## ABOUT THIS EXERCISE
Write out the data exactly, please, and omit the pictures.

## STORED DATA

______________________________

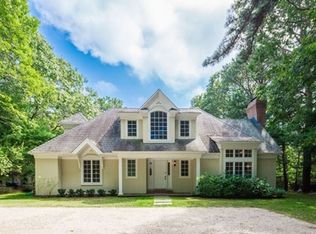9 Georgica Woods Ln, Wainscott, NY 11975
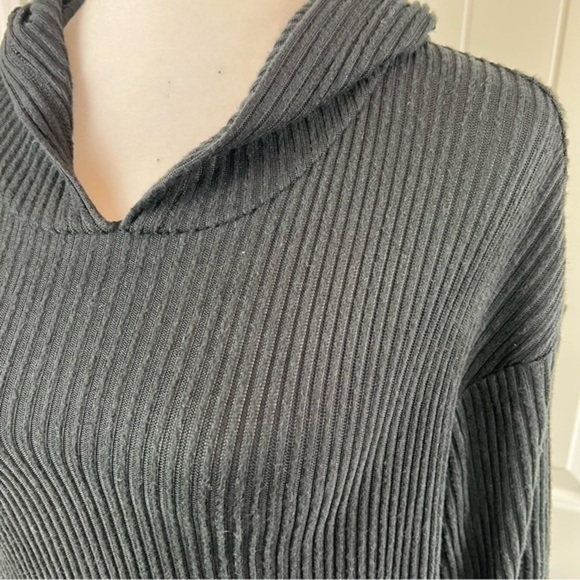 Colsie Womens Pullover Sweater Black Long Sleeve Stretch Ribbed Hooded XS - Picture 3 of 8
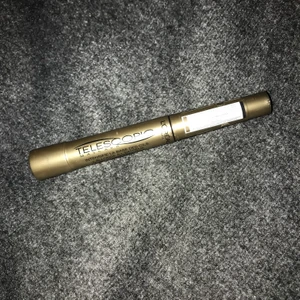 Telescopic Mascara - Jag säljer den mascaran alla vill ha. Jag köpte denna Mascara och öppna den och kände att det finns andra som är mer i behöv en jag av den, Aldrig testad bara öppnat plasten❤️ ordinarie pris 140 och nu säljer jag för 90kr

______________________________

## OUTPUT FOR THIS TASK
9 Georgica Woods Ln, Wainscott, NY 11975
 Colsie Womens Pullover Sweater Black Long Sleeve Stretch Ribbed Hooded XS - Picture 3 of 8
 Telescopic Mascara - Jag säljer den mascaran alla vill ha. Jag köpte denna Mascara och öppna den och kände att det finns andra som är mer i behöv en jag av den, Aldrig testad bara öppnat plasten❤️ ordinarie pris 140 och nu säljer jag för 90kr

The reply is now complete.